Qu'est-ce-qu'un éditeur doit conserver et préserver ?

Comme promis, je vais partager avec vous ma découverte de PREMIS et mon utilisation de METS.

Pourtant, cette présentation ne sera pas exhaustive et se limitera aux besoins d'un éditeur électronique. Il est important de savoir de quoi on parle et de se demander quels sont les buts poursuivis dans la mise en place d'un système de conservation du document numérique. En discutant avec Manue hier soir, suite à la publication de mon billet, nous nous sommes aperçus que nous avions du mal à nous comprendre. Au bout d'un moment, nous avons compris que nous ne partagions pas les mêmes buts. Il existerait donc des différences entre les objectifs de la conservation pour un éditeur et un bibliothécaire. Vous allez me dire : « c'est logique ». Oui, c'est vrai mais ça va toujours mieux en le disant et en le précisant. Alors finalement, pourquoi conserver, que conserver et donc quelles informations et quelles procédures un éditeur doit mettre en place. Je n'exprime ici que des réflexions que je ne demande qu'à enrichir.

A mon avis, le but d'un éditeur n'est pas à proprement parler la conservation du document numérique, mais la conservation de l'accès aux ouvrages qu'il met en ligne. Cette précision peut vous paraître infime, mais elle a en réalité son importance. En effet, dans le cadre d'une bibliothèque et d'un centre d'archives qui met en place un entrepôt de document numérique, le plus important est de pouvoir conserver le document, c'est à dire pour faire un raccourci les fichiers. Ainsi, ils ne vont migrer des données que dans le cas extrême où ce fichier ne sera plus lisible par les moyens à leur disposition.

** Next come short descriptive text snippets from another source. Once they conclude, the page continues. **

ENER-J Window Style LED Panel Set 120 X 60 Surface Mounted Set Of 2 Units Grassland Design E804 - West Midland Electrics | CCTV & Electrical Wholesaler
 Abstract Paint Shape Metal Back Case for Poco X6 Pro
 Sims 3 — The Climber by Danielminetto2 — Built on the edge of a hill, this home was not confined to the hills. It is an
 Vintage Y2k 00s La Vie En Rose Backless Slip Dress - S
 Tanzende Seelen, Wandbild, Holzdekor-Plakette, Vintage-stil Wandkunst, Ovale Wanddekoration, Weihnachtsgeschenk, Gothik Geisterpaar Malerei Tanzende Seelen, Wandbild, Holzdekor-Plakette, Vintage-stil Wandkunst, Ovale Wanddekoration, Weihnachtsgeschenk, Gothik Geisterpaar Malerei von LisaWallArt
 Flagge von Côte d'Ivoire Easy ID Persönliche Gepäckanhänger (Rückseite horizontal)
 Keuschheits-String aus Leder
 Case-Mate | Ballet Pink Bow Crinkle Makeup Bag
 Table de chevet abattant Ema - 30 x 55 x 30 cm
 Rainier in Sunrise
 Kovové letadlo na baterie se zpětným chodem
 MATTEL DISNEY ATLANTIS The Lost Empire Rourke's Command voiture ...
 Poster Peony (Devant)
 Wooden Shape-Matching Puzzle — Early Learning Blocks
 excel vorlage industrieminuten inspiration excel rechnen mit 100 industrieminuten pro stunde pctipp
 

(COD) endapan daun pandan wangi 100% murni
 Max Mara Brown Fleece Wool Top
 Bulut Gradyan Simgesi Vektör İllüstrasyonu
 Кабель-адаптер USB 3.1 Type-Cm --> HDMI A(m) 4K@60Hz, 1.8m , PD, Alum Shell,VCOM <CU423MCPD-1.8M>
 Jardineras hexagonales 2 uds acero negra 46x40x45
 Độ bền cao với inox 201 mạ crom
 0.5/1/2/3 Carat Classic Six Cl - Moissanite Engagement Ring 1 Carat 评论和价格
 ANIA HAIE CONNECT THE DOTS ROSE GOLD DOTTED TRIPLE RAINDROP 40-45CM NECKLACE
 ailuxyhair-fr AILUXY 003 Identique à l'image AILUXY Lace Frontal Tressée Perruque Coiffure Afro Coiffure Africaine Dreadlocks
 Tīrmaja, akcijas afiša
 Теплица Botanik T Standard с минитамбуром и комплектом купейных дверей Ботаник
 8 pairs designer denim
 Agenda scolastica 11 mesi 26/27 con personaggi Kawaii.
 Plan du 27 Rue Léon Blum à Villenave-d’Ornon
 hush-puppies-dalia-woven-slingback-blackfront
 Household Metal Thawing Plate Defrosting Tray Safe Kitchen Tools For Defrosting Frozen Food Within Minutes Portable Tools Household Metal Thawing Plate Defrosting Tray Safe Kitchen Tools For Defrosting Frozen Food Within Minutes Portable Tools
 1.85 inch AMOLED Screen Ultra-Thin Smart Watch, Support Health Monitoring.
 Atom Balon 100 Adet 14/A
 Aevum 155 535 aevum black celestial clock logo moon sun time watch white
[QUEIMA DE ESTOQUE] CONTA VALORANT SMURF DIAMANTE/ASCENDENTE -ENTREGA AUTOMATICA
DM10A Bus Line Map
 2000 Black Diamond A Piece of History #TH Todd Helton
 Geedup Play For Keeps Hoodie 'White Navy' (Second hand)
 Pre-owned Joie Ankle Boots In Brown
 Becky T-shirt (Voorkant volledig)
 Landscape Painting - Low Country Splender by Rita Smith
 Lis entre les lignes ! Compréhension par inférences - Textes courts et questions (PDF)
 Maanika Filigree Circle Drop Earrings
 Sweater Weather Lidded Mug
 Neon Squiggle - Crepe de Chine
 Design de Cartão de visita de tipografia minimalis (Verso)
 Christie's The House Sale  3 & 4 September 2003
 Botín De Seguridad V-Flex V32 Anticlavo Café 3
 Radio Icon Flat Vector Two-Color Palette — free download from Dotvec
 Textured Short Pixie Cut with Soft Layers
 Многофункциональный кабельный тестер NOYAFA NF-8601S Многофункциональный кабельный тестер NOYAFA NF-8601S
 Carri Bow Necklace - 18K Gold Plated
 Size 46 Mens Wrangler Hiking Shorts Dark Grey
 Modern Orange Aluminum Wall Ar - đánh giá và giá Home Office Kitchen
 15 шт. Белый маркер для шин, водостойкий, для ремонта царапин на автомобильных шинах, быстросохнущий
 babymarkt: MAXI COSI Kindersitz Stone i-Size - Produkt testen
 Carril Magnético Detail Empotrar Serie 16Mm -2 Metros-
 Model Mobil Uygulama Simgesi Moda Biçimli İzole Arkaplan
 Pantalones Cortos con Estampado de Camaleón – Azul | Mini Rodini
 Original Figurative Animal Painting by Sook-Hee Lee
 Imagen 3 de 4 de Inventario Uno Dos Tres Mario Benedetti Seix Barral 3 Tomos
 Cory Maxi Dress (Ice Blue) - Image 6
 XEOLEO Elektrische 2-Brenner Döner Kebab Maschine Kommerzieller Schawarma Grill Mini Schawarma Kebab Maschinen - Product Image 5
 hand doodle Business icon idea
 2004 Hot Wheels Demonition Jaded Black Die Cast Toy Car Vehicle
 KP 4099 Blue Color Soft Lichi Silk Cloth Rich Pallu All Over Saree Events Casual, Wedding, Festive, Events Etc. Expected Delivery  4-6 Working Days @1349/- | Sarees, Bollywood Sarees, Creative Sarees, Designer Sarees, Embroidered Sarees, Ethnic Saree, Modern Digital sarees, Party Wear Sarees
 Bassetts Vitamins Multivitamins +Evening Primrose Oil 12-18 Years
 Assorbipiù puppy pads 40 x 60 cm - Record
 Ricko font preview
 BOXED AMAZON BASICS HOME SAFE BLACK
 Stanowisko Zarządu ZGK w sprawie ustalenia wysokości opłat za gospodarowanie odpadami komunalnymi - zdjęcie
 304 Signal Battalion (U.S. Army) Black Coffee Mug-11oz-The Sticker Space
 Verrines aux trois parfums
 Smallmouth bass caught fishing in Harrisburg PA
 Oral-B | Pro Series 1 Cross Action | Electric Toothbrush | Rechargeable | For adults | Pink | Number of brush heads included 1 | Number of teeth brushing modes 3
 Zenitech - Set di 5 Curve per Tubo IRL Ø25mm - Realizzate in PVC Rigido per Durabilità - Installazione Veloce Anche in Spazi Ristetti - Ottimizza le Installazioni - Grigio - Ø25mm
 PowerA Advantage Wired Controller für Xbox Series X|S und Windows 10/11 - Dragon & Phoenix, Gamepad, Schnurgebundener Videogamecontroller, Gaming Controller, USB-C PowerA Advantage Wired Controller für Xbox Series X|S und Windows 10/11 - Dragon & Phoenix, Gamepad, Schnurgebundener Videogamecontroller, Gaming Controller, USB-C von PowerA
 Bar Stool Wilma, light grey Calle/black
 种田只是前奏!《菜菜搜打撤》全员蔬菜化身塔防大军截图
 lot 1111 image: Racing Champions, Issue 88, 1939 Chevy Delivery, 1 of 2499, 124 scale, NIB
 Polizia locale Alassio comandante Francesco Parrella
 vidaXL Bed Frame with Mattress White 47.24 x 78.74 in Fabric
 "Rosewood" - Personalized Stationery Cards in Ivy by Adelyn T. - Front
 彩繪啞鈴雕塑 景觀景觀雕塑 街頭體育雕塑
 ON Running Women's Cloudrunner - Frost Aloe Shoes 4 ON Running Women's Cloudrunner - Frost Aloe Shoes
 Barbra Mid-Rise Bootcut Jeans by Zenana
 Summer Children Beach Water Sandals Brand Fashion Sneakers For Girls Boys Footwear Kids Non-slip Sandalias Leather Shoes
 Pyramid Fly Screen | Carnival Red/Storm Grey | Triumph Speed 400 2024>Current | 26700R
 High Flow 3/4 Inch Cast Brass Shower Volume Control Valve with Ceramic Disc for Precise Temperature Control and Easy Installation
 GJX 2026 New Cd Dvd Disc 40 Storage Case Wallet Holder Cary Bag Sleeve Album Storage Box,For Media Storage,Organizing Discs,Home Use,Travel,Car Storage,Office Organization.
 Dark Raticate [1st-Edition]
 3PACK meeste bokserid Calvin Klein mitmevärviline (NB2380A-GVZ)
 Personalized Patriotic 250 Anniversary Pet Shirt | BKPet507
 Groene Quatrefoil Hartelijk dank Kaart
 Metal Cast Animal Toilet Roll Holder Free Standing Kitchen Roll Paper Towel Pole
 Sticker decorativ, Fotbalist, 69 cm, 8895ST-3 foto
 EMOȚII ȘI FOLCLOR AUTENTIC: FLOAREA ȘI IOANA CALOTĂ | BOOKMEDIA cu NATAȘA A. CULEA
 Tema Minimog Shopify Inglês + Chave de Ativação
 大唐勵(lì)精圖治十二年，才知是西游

Si je reprends mon exemple d'hier avec la TEI, l'institut de conservation (on va faire générique) n'a pas vraiment d'utilité de faire migrer de la version P4 à P5, puisque les fichiers sont en XML et donc leur accès est toujours garanti. Si j'ai bien compris, ils ne migreront que le jour où on ne pourra plus lire du XML. Or, dans ce cas, le but de l'éditeur est tout autre. Prenons une analogie avec le monde papier, un exemple qui ne vous paraîtra pas forcément significatif mais qui vaut ce qu'il vaut. Il y a maintenant deux ans, Pocket a changé la maquette de sa collection Terreur dans lequel on trouve entre autres les ouvrages d'Anne Rice. Au fur et à mesure, Pocket a fait passer l'ensemble des ouvrages de sa collection sur cette nouvelle maquette. Étant donné que c'est une nouvelle édition, cette nouvelle édition a été déposée au dépôt légal. De ce fait, la BnF conserve à la fois l'ancienne édition et la nouvelle édition. En revanche, l'éditeur ne propose à son catalogue que la nouvelle édition. Ce qui l'intéresse, c'est donc de préserver une cohérence éditoriale dans la mise à disposition du texte, ce n'est pas le fait qu'il puisse proposer toutes les éditions et toutes les maquettes des ouvrages qu'il édite, ce travail relève de l'institution de conservation et non de la mission de l'éditeur. Il me semble qu'il en va de même pour l'éditeur électronique. Son but n'est pas de proposer l'accès à l'ensemble des versions d'un ouvrage qu'il soit en TEI P4 ou en P5, mais de pérenniser l'accès à l'ouvrage tout en assurant une cohérence éditoriale.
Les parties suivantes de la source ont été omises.